> **What needs to be done**: The line with "Game dynamics graph" starts the range, and the last line of the listing ends it. Retype that range exactly, without pictures.

> **Provided material**:
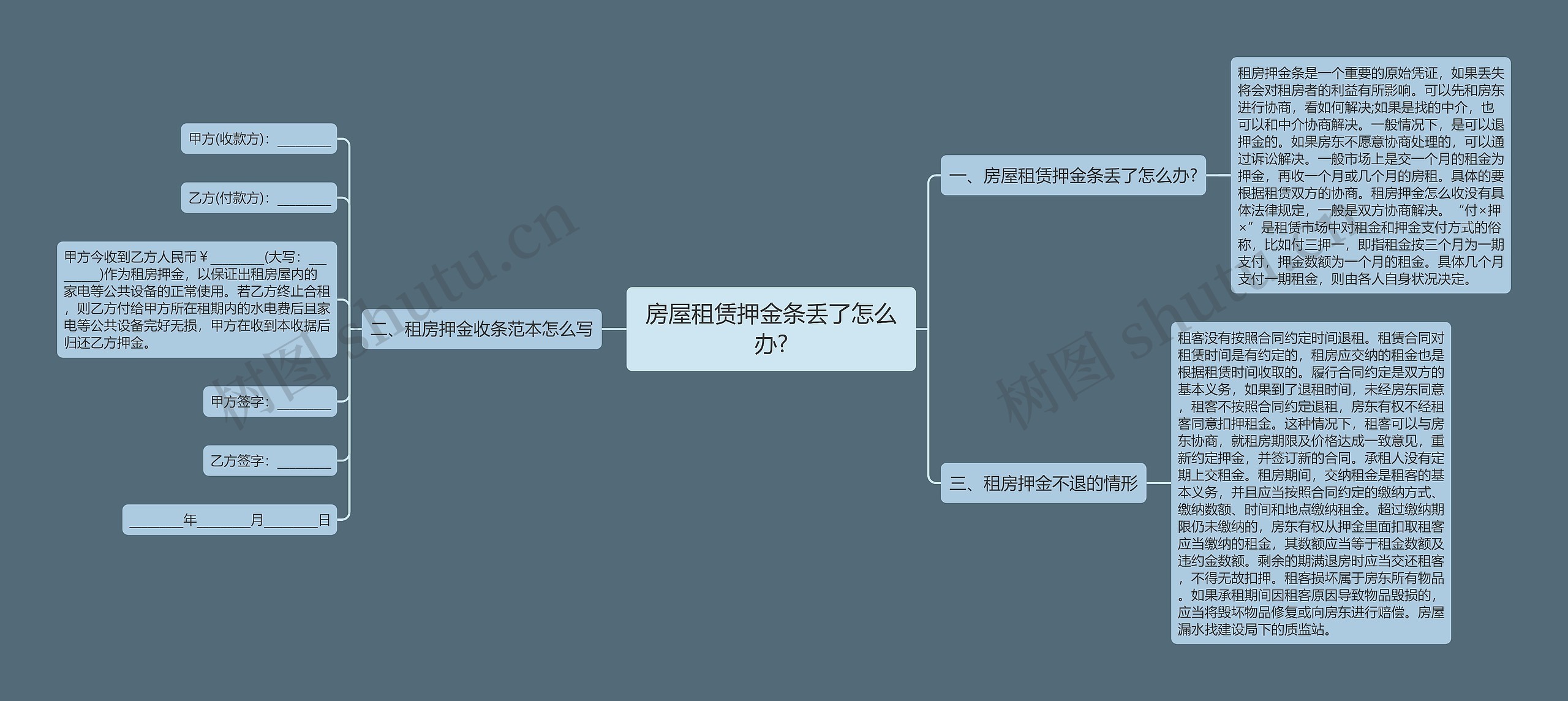 房屋租赁押金条丢了怎么办?思维导图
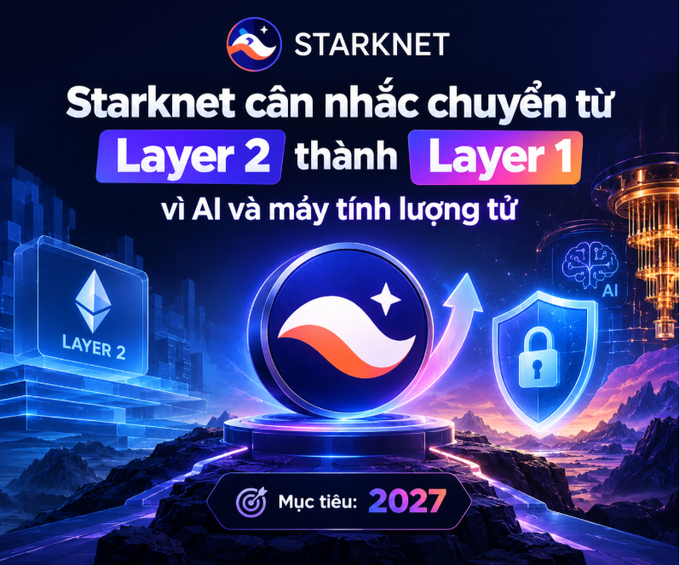 A promotional graphic for 'STARKNET' features text in Vietnamese stating that Starknet will transition from Layer 2 to Layer 1 due to AI and quantum computing, with a target date of 2027.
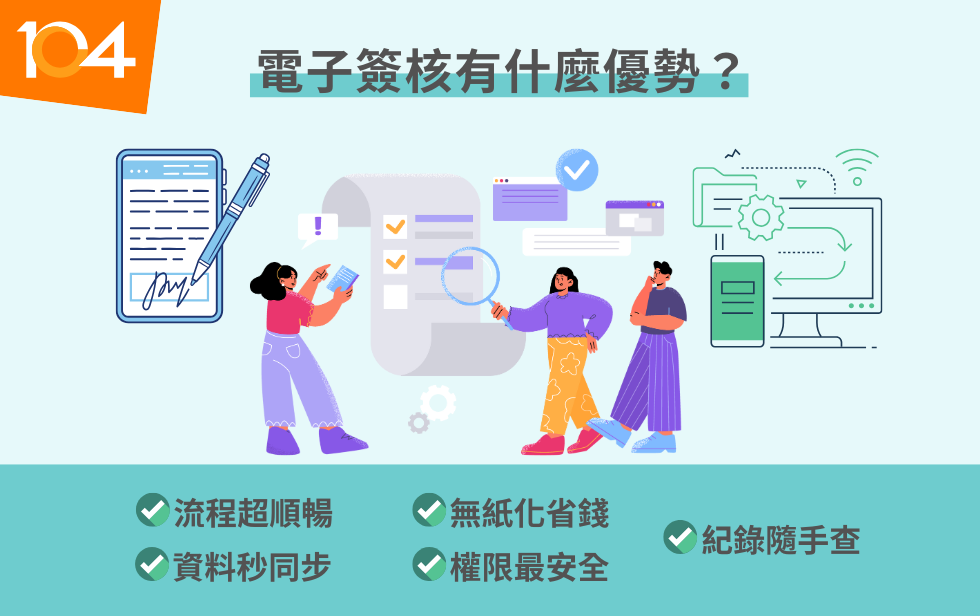 電子簽核 5 大優勢：1.流程超順暢、2.資料秒同步、3.無紙化省錢、4.權限最安全、5.紀錄隨手查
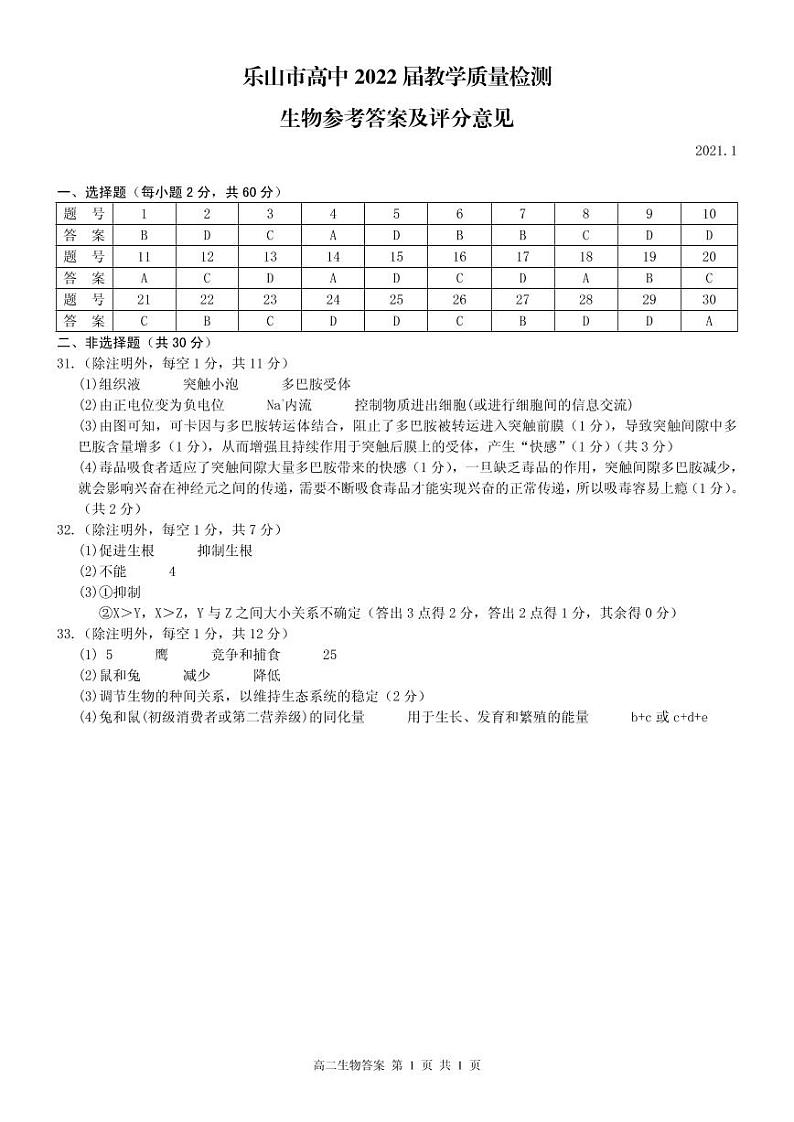 四川省乐山市2020-2021学年高二上学期期末考试生物答案第1页
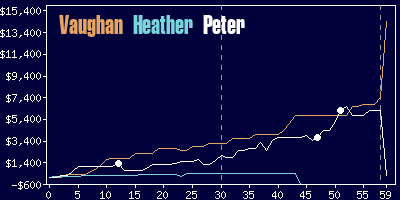 Game dynamics graph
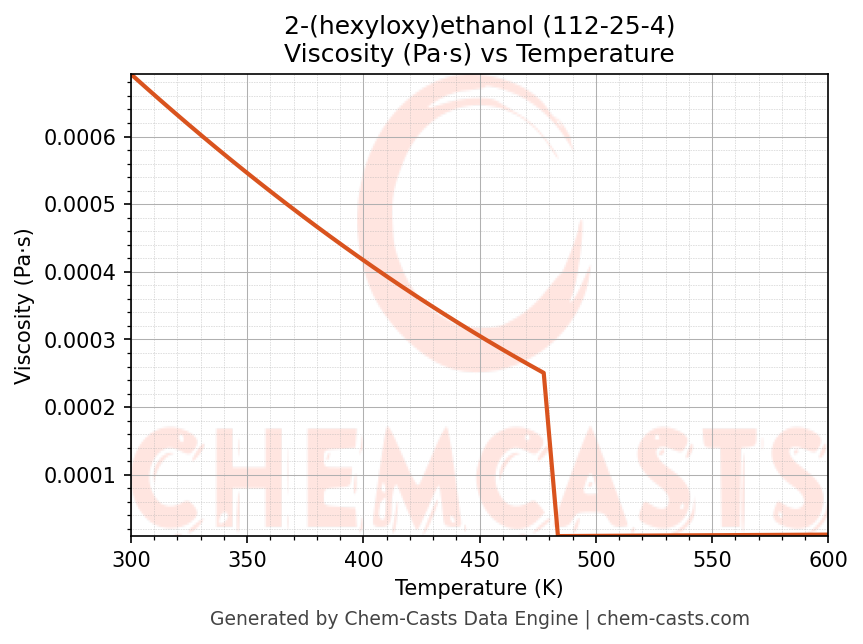 Viscosity vs Temperature chart for 2-(hexyloxy)ethanol (CAS 112-25-4)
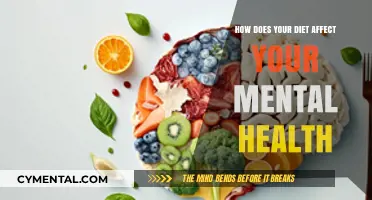 Nourishing Your Mind: The Profound Impact of Diet on Mental Health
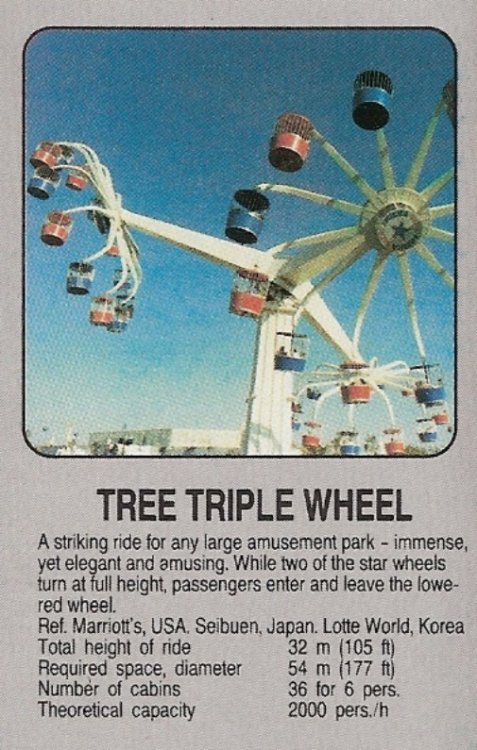 290641949_highlighttriplewheel.thumb.jpg.41f96965fe5a6192c6d8ff7df00f8400.jpg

> **Exercise answer**:
 Game dynamics graph
 Viscosity vs Temperature chart for 2-(hexyloxy)ethanol (CAS 112-25-4)
 Nourishing Your Mind: The Profound Impact of Diet on Mental Health
 290641949_highlighttriplewheel.thumb.jpg.41f96965fe5a6192c6d8ff7df00f8400.jpg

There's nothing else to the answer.